People are constantly talking of reality.  How often do we hear words such as : “get real” : “the reality is” : “it really is true”.  It is as if we believe that the human senses and the human mind possess a mystical quality that enables them to transcend the material world and take a privileged view of it.

But is it true that human beings are capable of perceiving reality?  Might it not be case that a herring has a better, truer appreciation of the world than we do?    Are we wise to assume that the size and complexity of our brains has made us better at perceiving?  Is it possible that all our complicated vocal expressions that describe the world are merely noises without any particular meaning?  Might it not be the case that our consciousness is simply an elaborate deception – an evolutionary accident that is leading us to a dead-end?

There is so much to ponder here.  And we will not be the first to ponder it, for certainly the world’s great religious thinkers have given much thought to the matter since the very earliest times.  In fact, most likely, it is with this pondering that religion began.
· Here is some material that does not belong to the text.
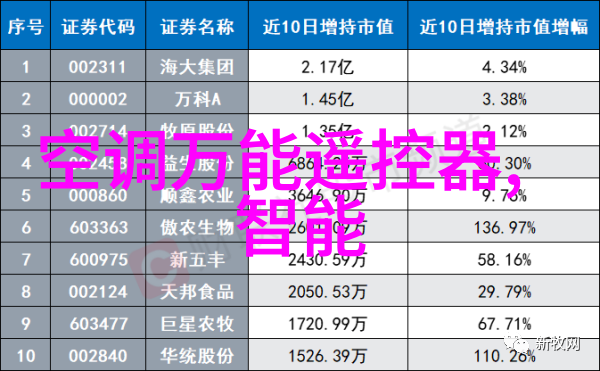 镜头下的两重真实艺术照与写真的差异探究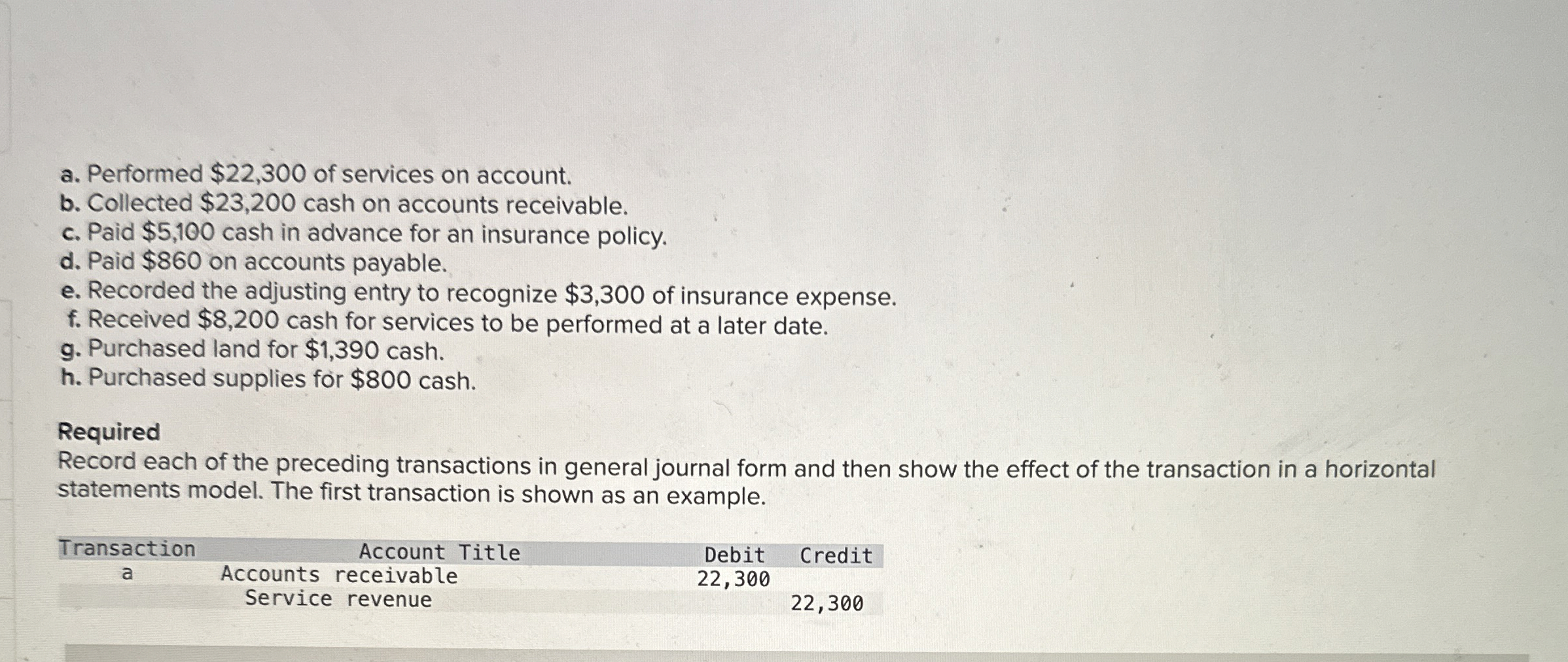 a. Performed $22,300 of services on account. b. Collected $23,200 cash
It is interesting to reflect that, if we did perceive reality, we could never make a mistake about what we see.  We could never mistake one person for another or one thing for another ; we could never mis-hear somebody’s words.  Also, if we did perceive reality, there would be no science being done today ; all knowledge would have been completed long ago.

But, as ever, there are other ways of looking at the matter ;  and some of those ways offer hope to those who believe that reality is within our grasp.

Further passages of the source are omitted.